Current news almost always creeps into the conversations during client feedback interviews. And lately, we are hearing a lot from sophisticated clients about the growing focus on managed services and the increasing legal professional headcounts in the Big Four accounting firms. As you would expect, it’s the tax and M&A folks in companies that have the most exposure to both accounting and law firm advisors and have pointed out some observations and key competitive advantages provided by the accounting firms.
The biggest distinction is the consistency of the client experience across functional and geographic areas. Accounting firms are perceived as providing processes, project management, leverage, teamwork and quality control more consistently than law firms where the experience often varies dramatically from practice to practice and office to office. One client recently said, “On the accounting firm side, there is more of a leveraged arrangement, and they often need to rely on knowledge from their national practice. In accounting firms, the quality control is more pronounced to ensure more consistency across the firm. I find that the lawyers who are almost always billing by the hour are more directly involved [in the work] vs. leveraged and there is less focus on quality control or consistency. It’s more dependent on the individual lawyers.”
Accounting firms are perceived as providing processes, project management, leverage, teamwork and quality control more consistently than law firms where the experience often varies dramatically from practice to practice and office to office.
That dependency on individual lawyers is another key distinction we observe and, in my opinion, a big challenge for law firms. When asked about recommending a law firm, clients are often hesitant about it. Most admit they hire and recommend individual lawyers—not firms. So when companies go through convergence programs to reduce outside firms, they still make regular exceptions to “the rule” and hire individual lawyers who they know, trust and like and who have delivered results. But despite those times when an individual relationship is a positive for the firm, the relationship is typically much more vulnerable when the loyalty is to the individual rather than the firm. While the clients have good relationships with individual advisors within their accounting firms, they don’t say, “If he or she leaves the firm, I’ll follow.”
Accounting firms have had sophisticated client account management practices for decades and will undoubtedly apply that expertise as they expand their legal offerings.

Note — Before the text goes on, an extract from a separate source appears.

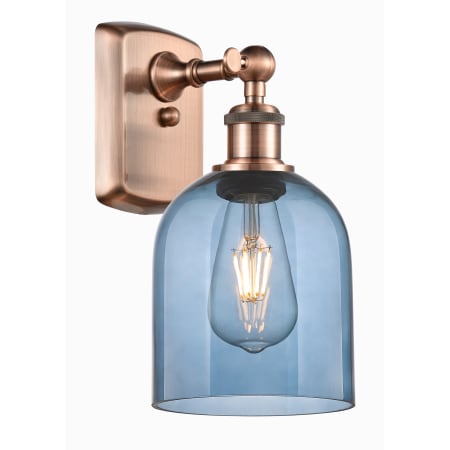 A large image of the Innovations Lighting 516-1W-11-6 Bella Sconce Antique Copper / Princess Blue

From the 1970s to the 1990s, my father served as a leader on a number of key client teams and for the national tax practice for Ernst & Ernst, Ernst & Whinney and then Ernst & Young. I can recall his commitment to his teams and to the clients. He frequently worked onsite with different clients on a biweekly or monthly basis. Until law firms recognize the value of investing time and resources in developing robust client account management practices, the Big Four will remain a growing threat.